For decades now local businesses say they have been losing sales to online companies that aren't required to collect sales tax. Now, the U.S. Senate has passed a bill that would collect tax debt on internet purchases at the time the purchase is made. Not only would this possibly help increase sales for local California businesses, but it may also help governmental agencies collect sales taxes to which they previously had to access.
The so called Marketplace Fairness Act would give states the power to collect sales tax from online retailers. A Supreme Court decision from 1992 ruling that online retailers were only required to collect sales tax in states where they were physically located will be rendered inconsequential by the act. One California retailer said that his business was hurt by the fact that people could come into his store to "try out" the products only to buy them online. Only retailers that are bringing in under $1 million a year will be exempted from the act.
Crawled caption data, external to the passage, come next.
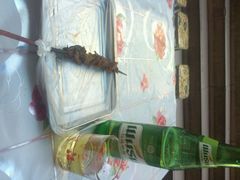 android_upload_pic-新疆风味冷水鱼庄(友谊峰路店)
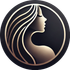 SugarChat icon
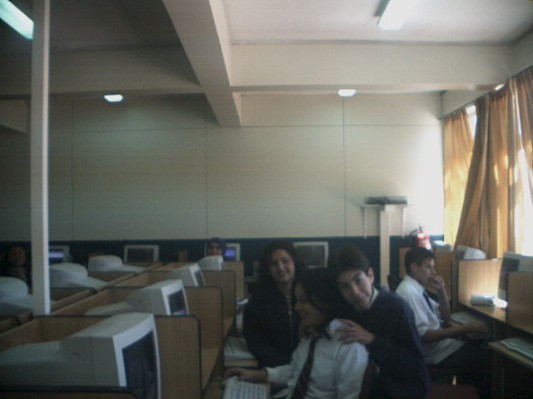 fotografía43.jpg
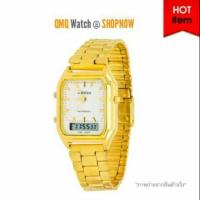 ราคา ADDIES WATCH นาฬิกาข้อมือ (875505)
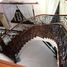 7 Bedroom Villa for sale in An Phu, Ho Chi Minh City, An Phu, District 2, Ho Chi Minh City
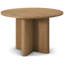 Kyoto Dining Table-780677404-780677407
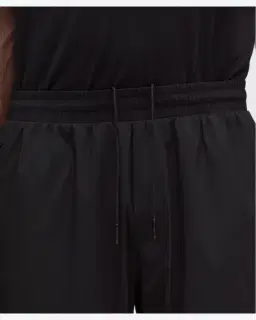 Lululemon Pantalón De Chándal Pace Breaker En Glyde Standard Hombre – 4/5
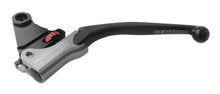 Load image into Gallery viewer, RENTHAL LV-509 SPORTBIKE INTELLILEVER CLUTCH LVR LV-509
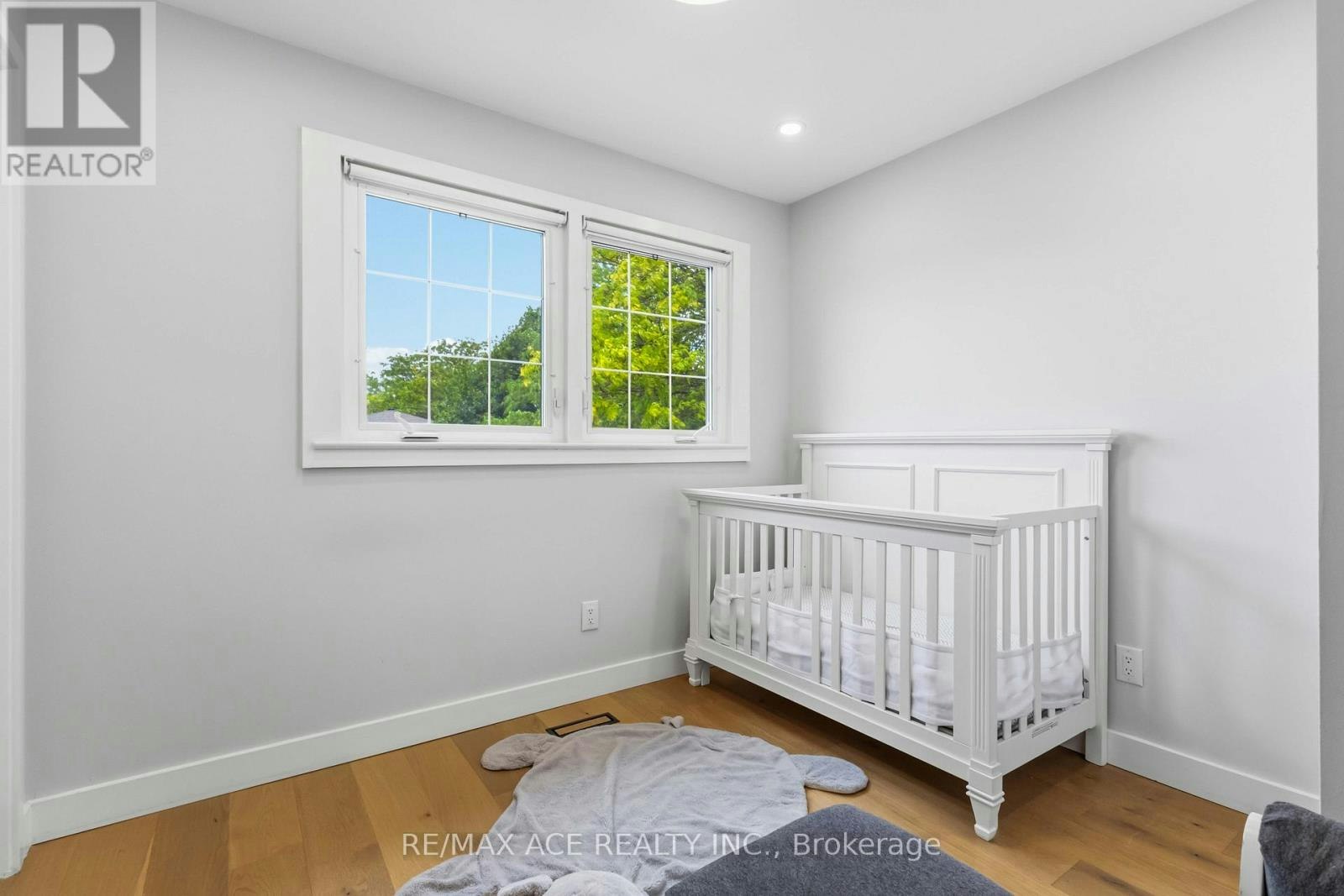 19 Barker Court, Markham, ON, L3P 3X9 - 42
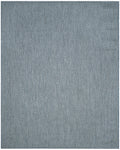 BLUE / LIGHT GREY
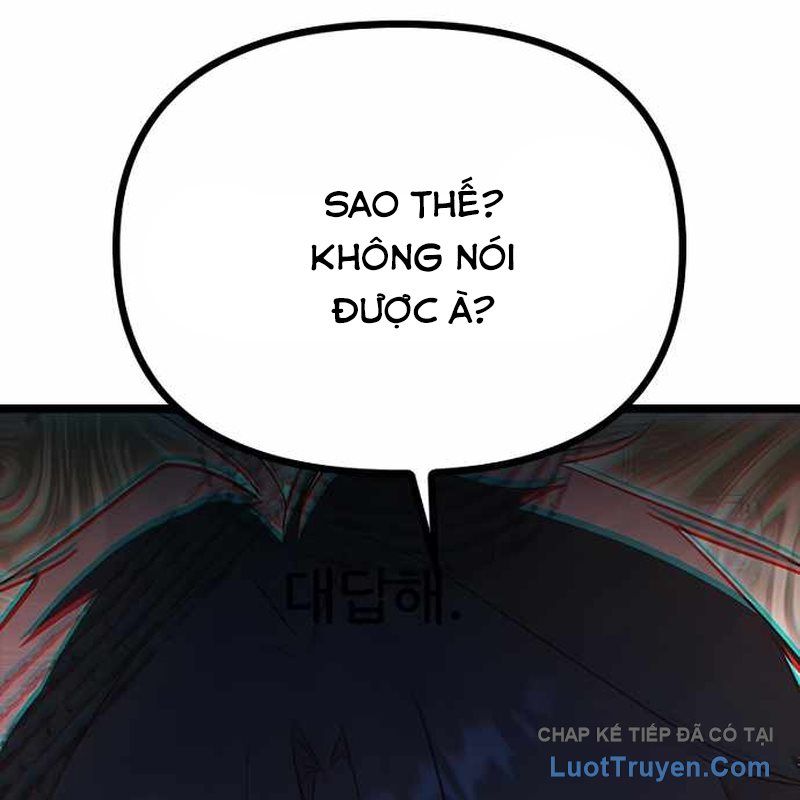 Thiếu Nữ Hoàng Đạo Chapter 50 - 148
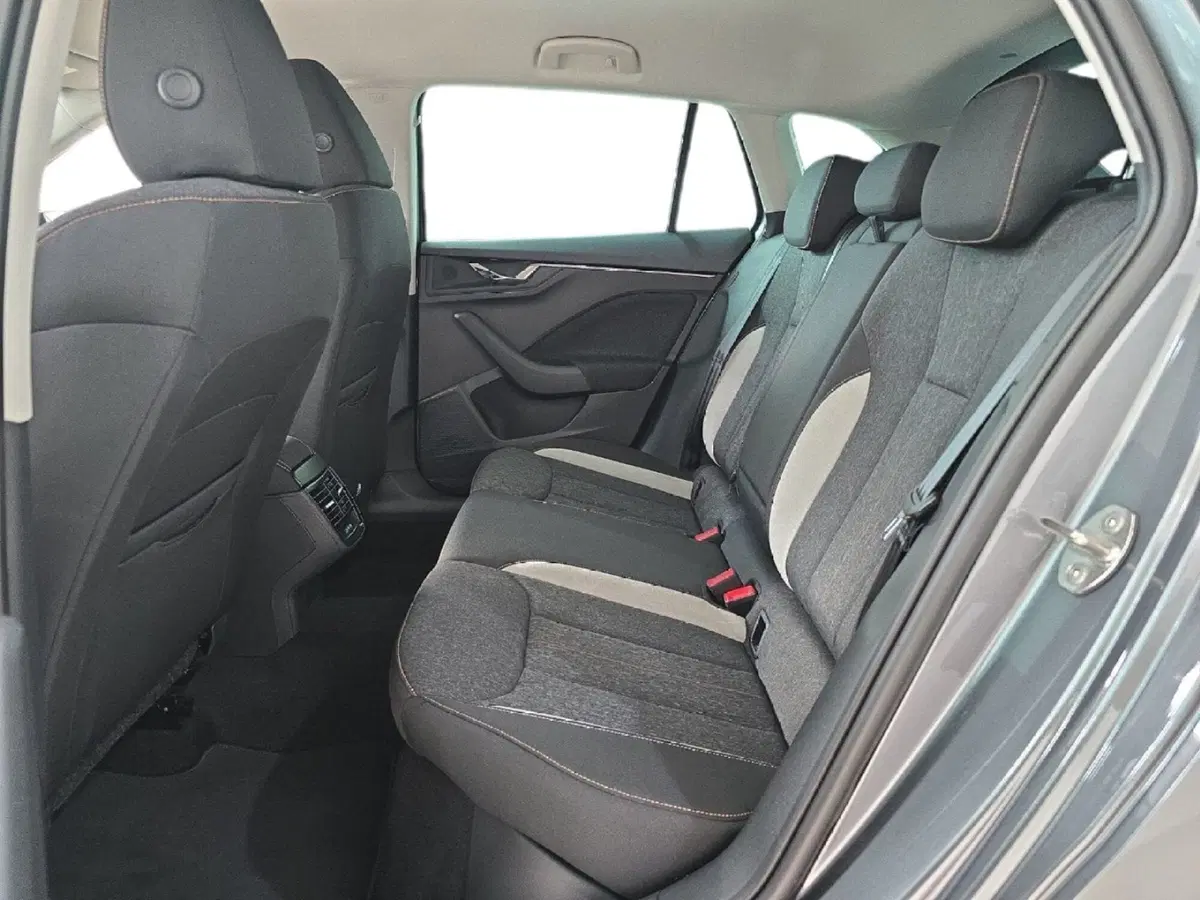 Skoda Scala nuova a Siena (10)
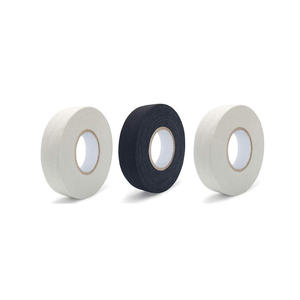 ที่พันด้ามไม้ฮอกกี้ ป้องกันการลื่น ดีไซน์ดีเยี่ยม ทนเหงื่อ เทปพันด้ามฮอกกี้ OEM ผลิตตามสั่ง First Athletics - Product Image 1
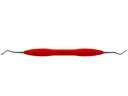 Round Excavator 1.5mm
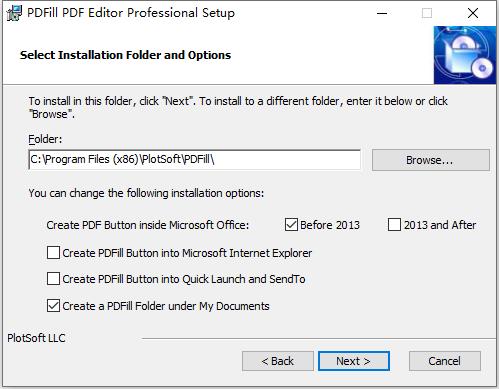 202210291004250649910002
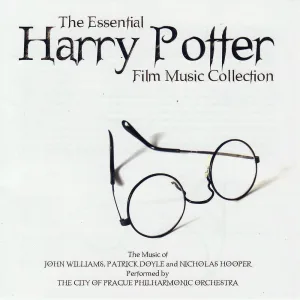 The Knight Bus (From "Harry Potter and the Prisoner of Azkaban")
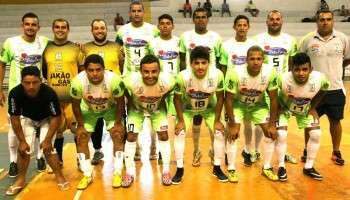 Rodada da Copa R&aacute;dio Clube tem tr&ecirc;s jogos e briga pela classifica&ccedil;&atilde;o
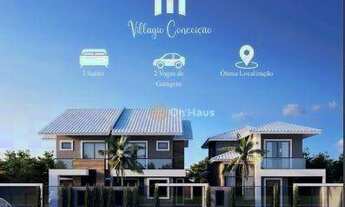 Imagem: Casa à venda, 184 m² por R$ 1.850.000,00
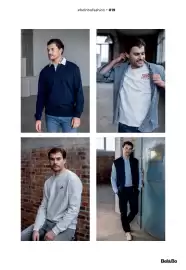 Bel en Bo folder week 6 Pagina 19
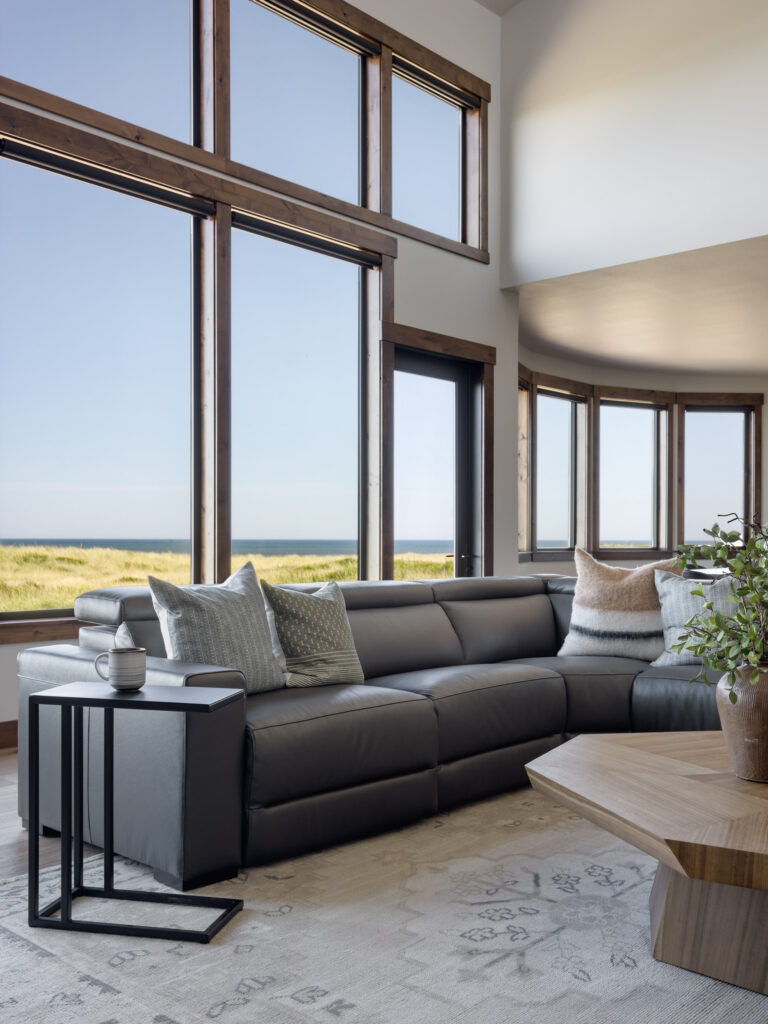 Miranda Estes Photography Michelle Yorke Westport Beach House 11 (1)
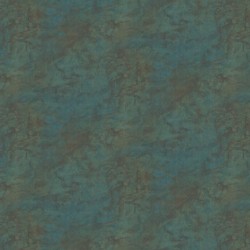 WL 1301 Обои Grandeco (Wanderlust) (1*12) 10,05х0,53  винил на флизелине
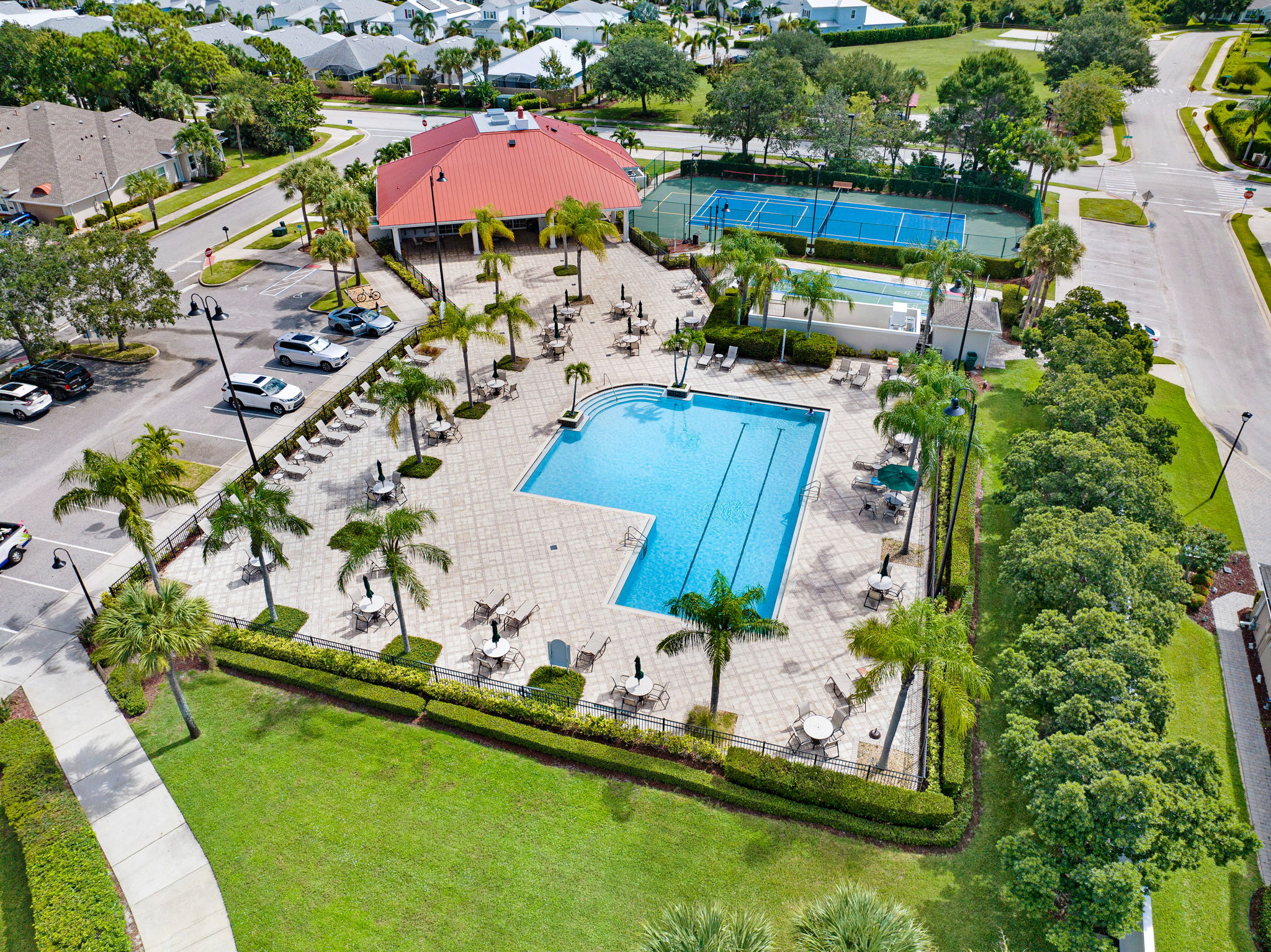  1688 Tullagee Avenue, Melbourne, FL, 32940 - 物件實景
But the act isn't a law just yet. Republicans in the House of Representatives have indicated that they will oppose the act because it will create a substantial burden on some retailers. Between having to purchase the necessary software and then comply with all of each state's laws regarding purchases, smaller online retailers would not only lose profits, but transactions would become much more complicated.
Ultimately, for all of the extra work and expense, the business won't benefit from taxes that are sent to another state. Taxpayers are supposed to account for their online purchase tax debt on their state income taxes. However, most people do not.